# Congratulations to our SVS winner!



## Sonnie (Apr 11, 2006)

*CONGRATULATIONS TO OUR SVS WINNER*.....

*DRUM ROLLLLLLLLLLLL........................* :woohoo:

[BANANA]
*Spoiler* 



*tonyvdb!*


[/BANANA] 
:fireworks2: :fireworks1: :fireworks2:

*Wins his choice of a PB13-Ultra or PC-Ultra!*

arty:

Thanks to everyone who participated ... and don't go anywhere... we have lots more to give away! :yes:


----------



## tonyvdb (Sep 5, 2007)

I'm at a loss for words right now! Thank-you SVS, Sonnie and the Shack for this great gift. :yay:

Now I just need to figure out what one I should get, The PB13-Ultra or PC-Ultra? I like the box for looks better. Suggestions?


----------



## Ricci (May 23, 2007)

Noooooooooohhh!:explode: I was robbed! Robbed I tell you!

Congratulations man, you just won a killer subwoofer. I would go for the box with a premium finish myself. You have to pay a little for the premo finish, but hey, a PB13 Ultra for 150 bucks...man


----------



## mike c (Apr 25, 2006)

oh my! i just looked at your sig ... you are upgrading from your yamaha subs to the SVS?!!

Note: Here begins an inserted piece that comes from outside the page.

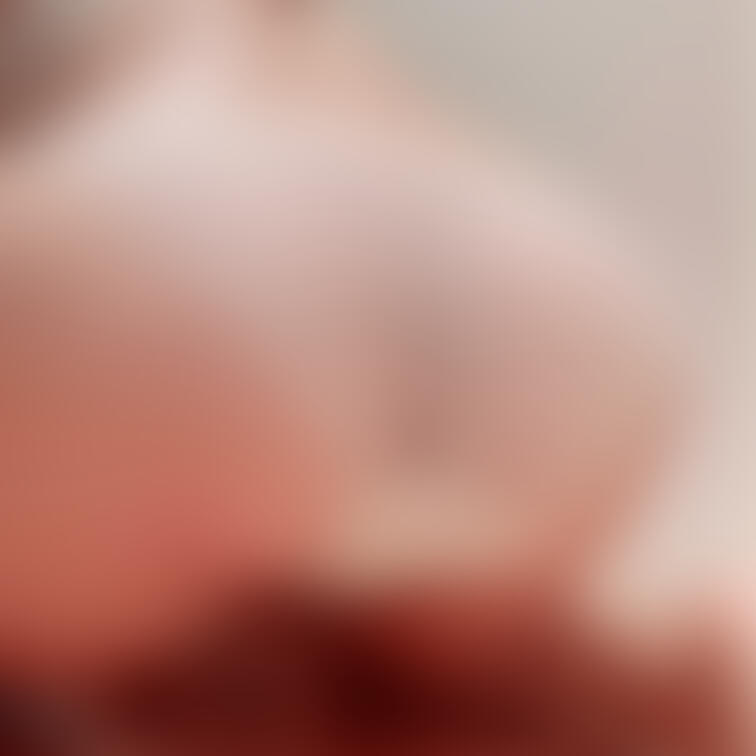セフレ君にこれ着てって渡された下着…(((o(*ﾟ▽ﾟ*)o)))
透け透けやないかーい笑
ホテルで着るよー
って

i'm really really excited for you. this is the best upgrade you can ever make.


----------



## tonyvdb (Sep 5, 2007)

mike c said:


> oh my! i just looked at your sig ... you are upgrading from your yamaha subs to the SVS?!!
> 
> i'm really really excited for you. this is the best upgrade you can ever make.


The A/D/S sub is not that bad but its only a 10" 150watt long excursion so this will defiantly be an improvement. The Yamaha is just an extra that I had lying around. 
Thanks for the nice comments.


----------



## Mike P. (Apr 6, 2007)

Congratulations on rhe win, Tony. Enjoy!


----------



## nova (Apr 30, 2006)

Congrats Tony,... hope ya enjoy the new SVS sub!


----------



## PhotoByMark (Jan 13, 2008)

wow! Lucky you. Too cool! Congrats.


----------



## warpdrive (May 6, 2007)

Congrats again.

The odds were so good with this contest that I actually felt I had a chance of winning. I was suprised there wasn't a lot more entries. I was mentally even calculating how I was going to fit and get that sub upstairs (wouldn't be easy).

Exciting isn't it? If you are just coming from Yamaha subs, this will be a like moving from a Corolla to a Viper. You leapfrogged a lot of other subs that you might have bought if you upgraded yourself


----------



## Guest (Feb 6, 2008)

Lucky Man! :jump: Congrats!!!!!!!!!


----------